Alex Colville: Beneath the Surface
"More than any other artist in Canada, Colville has a galvanizing,
sea-to-shining-sea appeal."
Toronto Star
I am really looking forward to going to see the Art Gallery of Ontario's
retrospective exhibition in honour of Alex Colville, who died last
year. His work is indeed appealing, yet mysterious, and somehow
strikes a chord with many people. Spanning Alex Colville's entire
career, this is the biggest show of his work ever assembled.

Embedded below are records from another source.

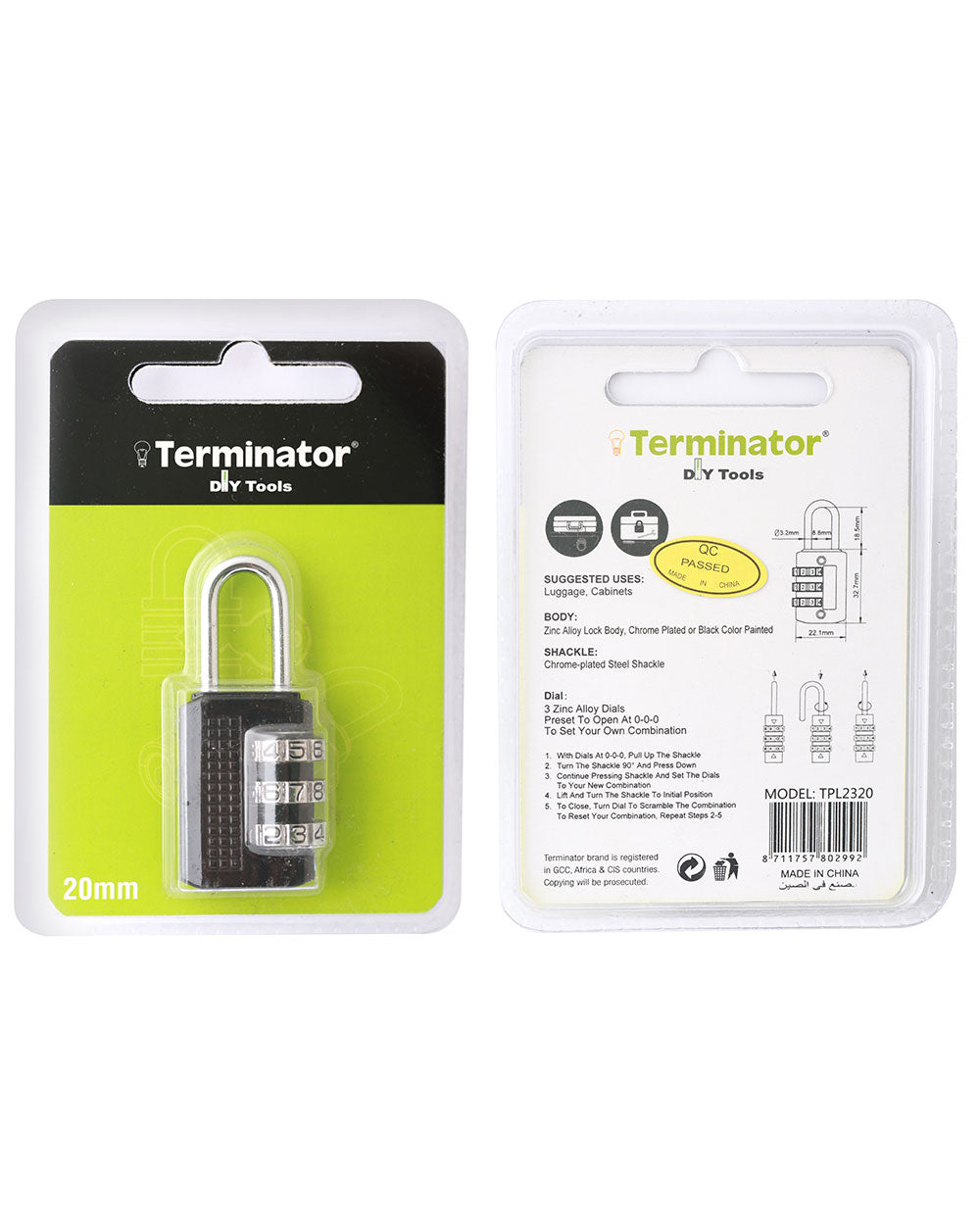 Terminator Pad Lock 20mm Black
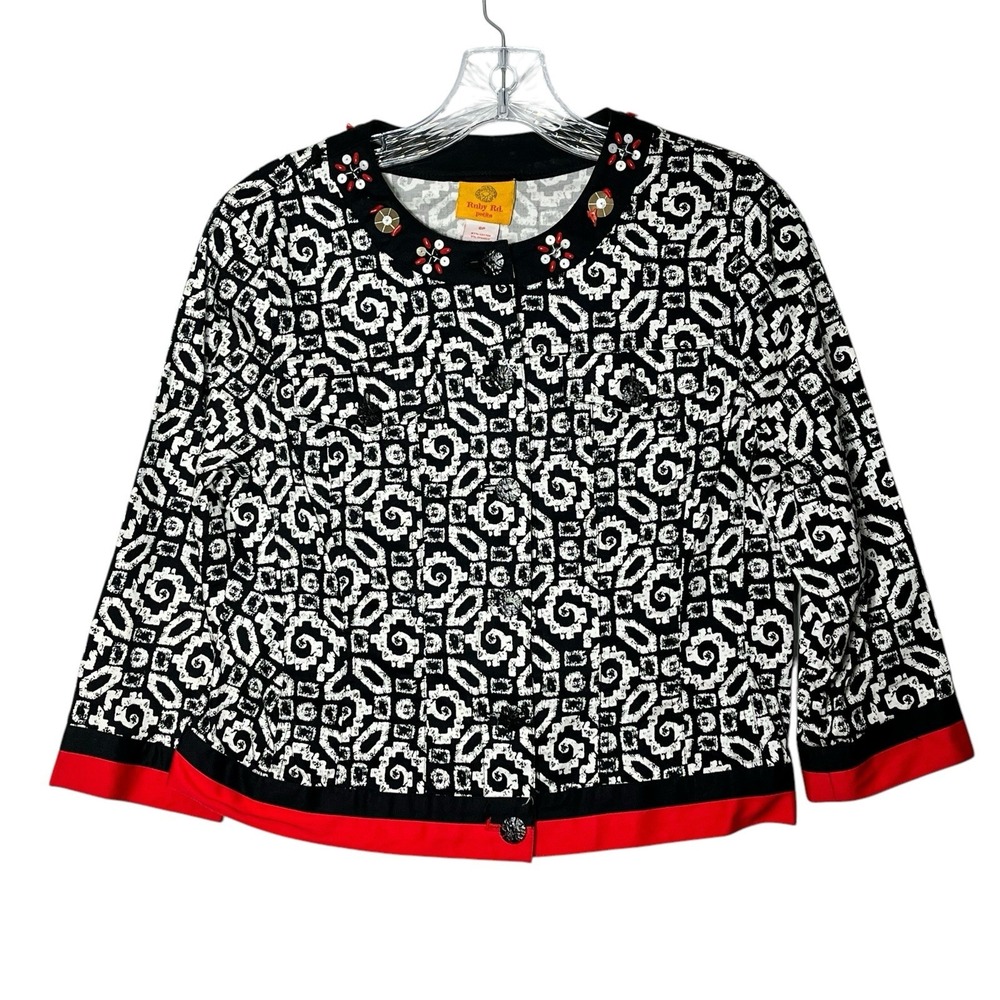 Ruby Rd Petite Black White Geometric Print‎ Embellished Collar Jacket 8P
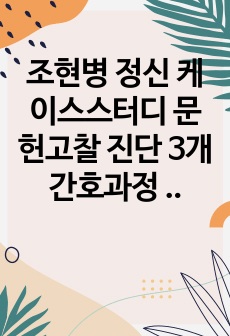 조현병 정신 케이스스터디 문헌고찰 진단 3개 간호과정 3개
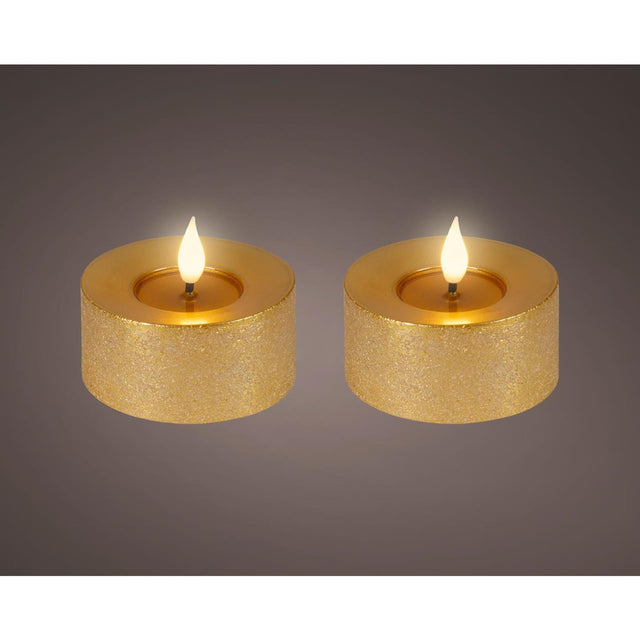 Lumineo realistische led theelicht met vlam effect ø7,5x6cm goud met 6uur timer werkt op batterij-2 stuks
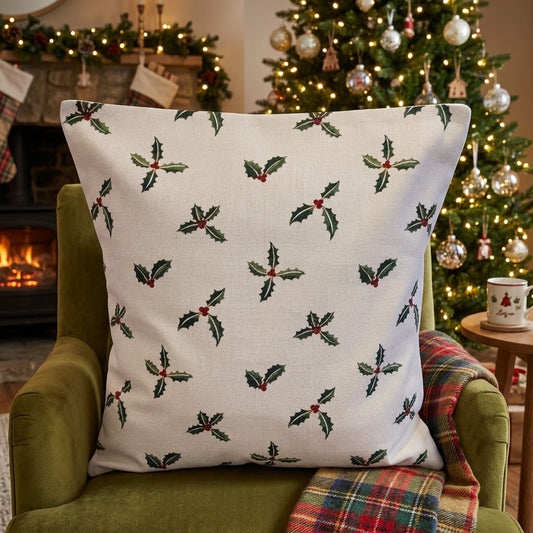 Sophie Allport Holly & Berry Christmas Cushion Cover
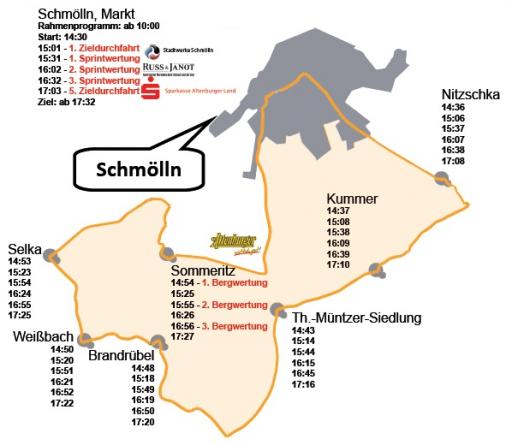 Streckenverlauf Internationale Thringen Rundfahrt der Frauen 2010 - Etappe 5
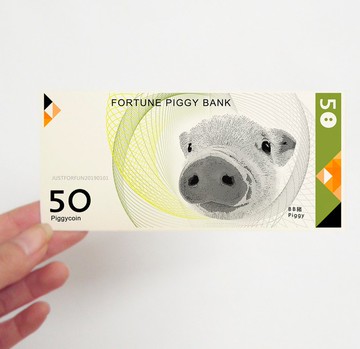 2019豬年祝福卡片 創意代幣 新年祝福紅包利是 豬年生肖紙幣書籤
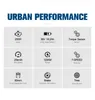 A grid of icons and text describing the features of an e-bike. Produktbild-Vorschau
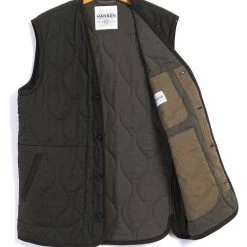 HANSEN GARMENTS TONY | Bonded Padded Vest | Dark Army -HANSEN SHOP tony bonded padded vest dark army hansen garments 285690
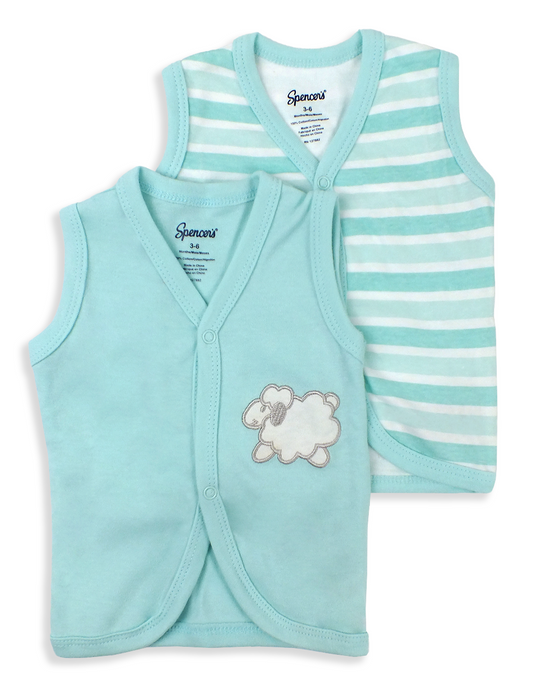 Classic Mint Pastels 2pc Diaper Shirts Set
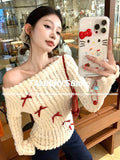 Joskaa Autumn Winte Sweet Bow Knitted Pullover Women Off Shoulder Sexy Chic Long Sleeve Sweaters Korean Style Kawaii Fashion Tops New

As reported in the Toronto Star, "More than any other artist in Canada,
Colville's images permeate both our psyche and our everyday life…" This
has certainly been true for me. I remember when I was a child, and
Canada was celebrating its Centennial in 1967, how fascinated I was by
the beautiful new Canadian coins with the rock dove on the penny, the
hopping rabbit on the nickel, the mackerel on the dime, and the bobcat
on the quarter. Little did I know that they were designed by Alex Colville.
I don't remember ever having a fifty cent piece with its howling wolf,
or a dollar coin with its Canada goose, but perhaps the
Royal Canadian Mint will some day reissue these lovely coins.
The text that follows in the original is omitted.